The courts should examine the documents to "glean whether the parties have agreed"ix. The current method of reasoning, although supporting the "reliance theory"x of contract, seems to ignore the classic "will theory"xi, which was popularised in the 19th Century.Perhaps more emphasis should also be placed on what a party meant rather than what the other party interpreted. This is presuming that the courts could effectively discover the party's true intentions, which may be a fairly difficult task. Where there has been prolonged and complex negotiation over the terms of a contract, such as in a "battle of the forms" scenario, I feel that it should be the responsibility of the courts to use their discretion to decide when the parties have arrived at an agreement.This approach would mean that the courts examine communication between the parties and then decide when there has been a general "Consensus ad idem" or meeting of the minds.

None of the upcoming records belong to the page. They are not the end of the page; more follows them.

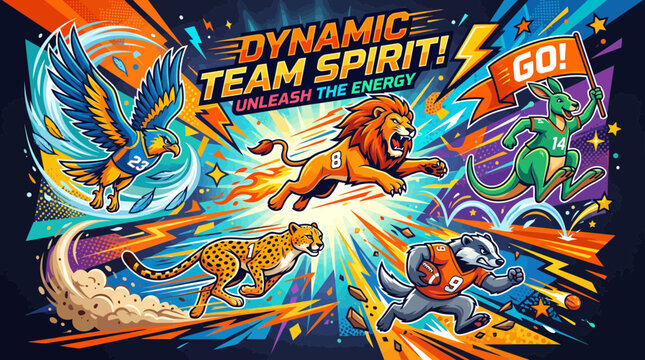 Dynamic mascot composition with motion lines and energetic team spirit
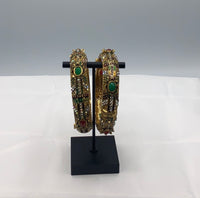 Gold plated minnakari design bangles studded with white zirconia diamonds
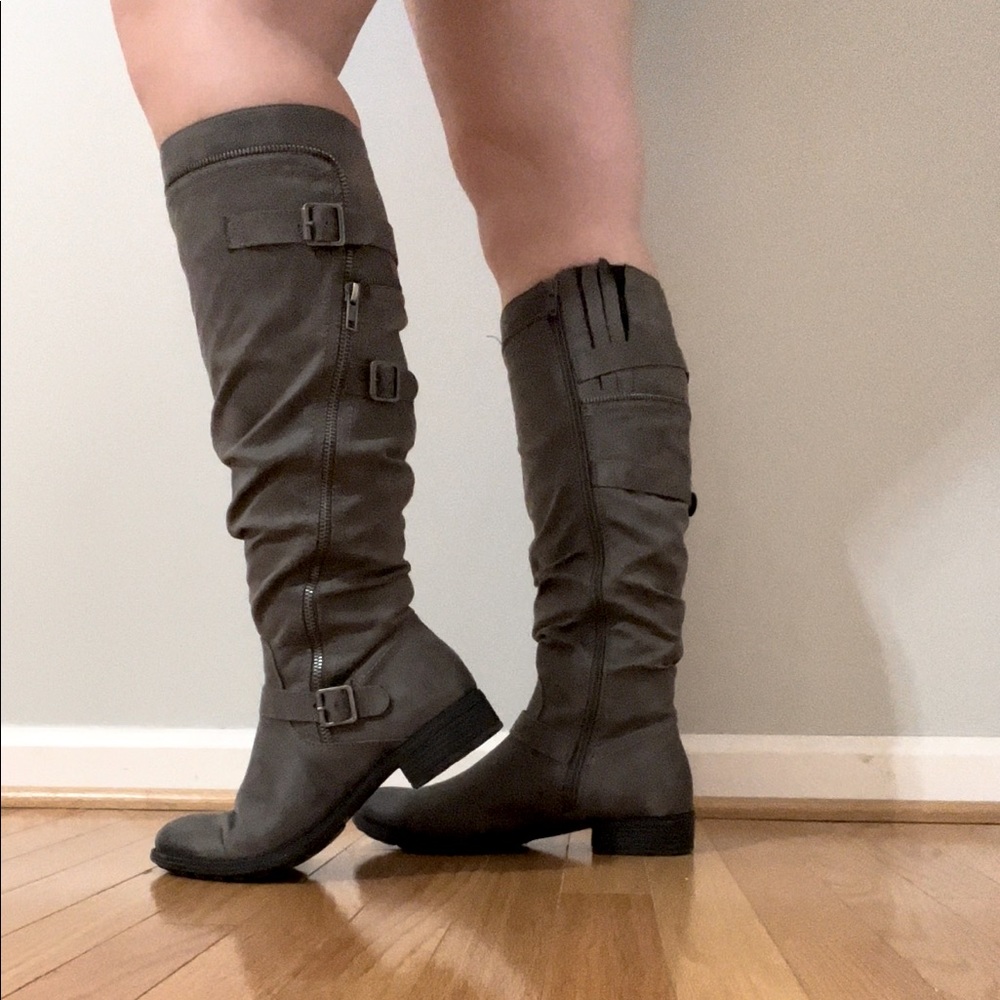 Gray Calf-High Boots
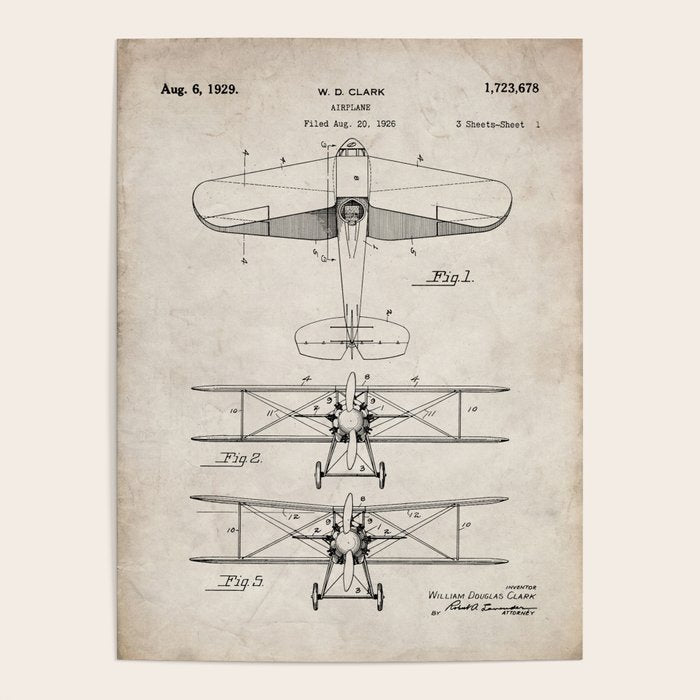 Biplane Patent - Aviation Art - Antique Poster Gallery Image 1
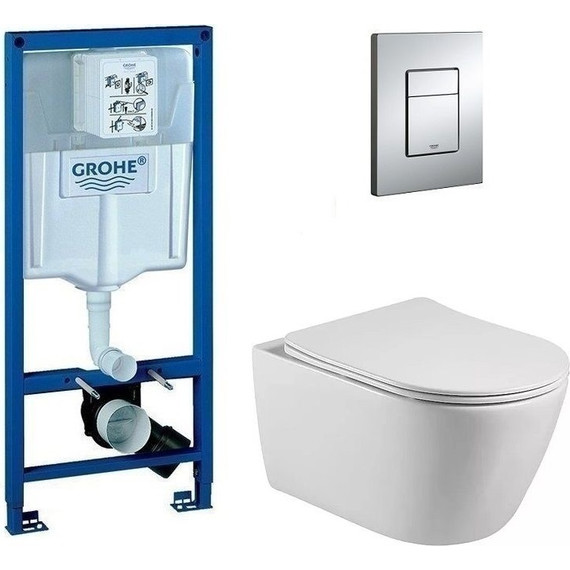 Инсталляция с подвесным унитазом комплект: Grohe Rapid SL 38772001 с подвесным безободковым унитазом Aquatek Бетта AQ1253W-00 сиденье микролифт, крепление, кнопка смыва хром фото 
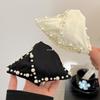 Satin Beaded Triangle Claw Clip: Elegant Luxury Hair Accessory for Women's Updo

If this approach had been used in many of the discussed cases, it would appear that a more just solution would have been reached. There are however a number of criticisms of imposing such a liberal method of reasoning. The courts will be given much scope in order to decide when an agreement has been made.This may promote uncertainty if they do not have to fulfil specific criteria for the formation of a contract. It may be difficult to understand a party's true intention if the contract is purely verbal, as well as the fact that they may lie to the judge. It could also be argued that parties require certainty.
A new approach could lead to confusion as to when contract had actually been concluded, if a judge could contend that one had been made through the course of negotiation.This view has already been once rejected in the House of Lords in Gibson, and judicial opinion has favoured the traditional prescriptive rigidity of the objective viewpoint. It is therefore unlikely to be well received by the judiciary. I however believe that in order to cater for modern contracts, where parties are becoming more aware that if they do not empirically state an offer they can escape liability, such as in the case of Gibson, the judges should be able to apply a more fluid approach to justice.The cases which have been discussed prove that the current model is not adequate in all situations. It also seems that, according to the "backwards reasoning" theory, judges are already coming to a conclusion before specifically looking at the categories of offer and acceptance, so a more liberal approach may as well be implemented.
The real question should be whether there was an agreement, not whether rigid categories were fulfilled.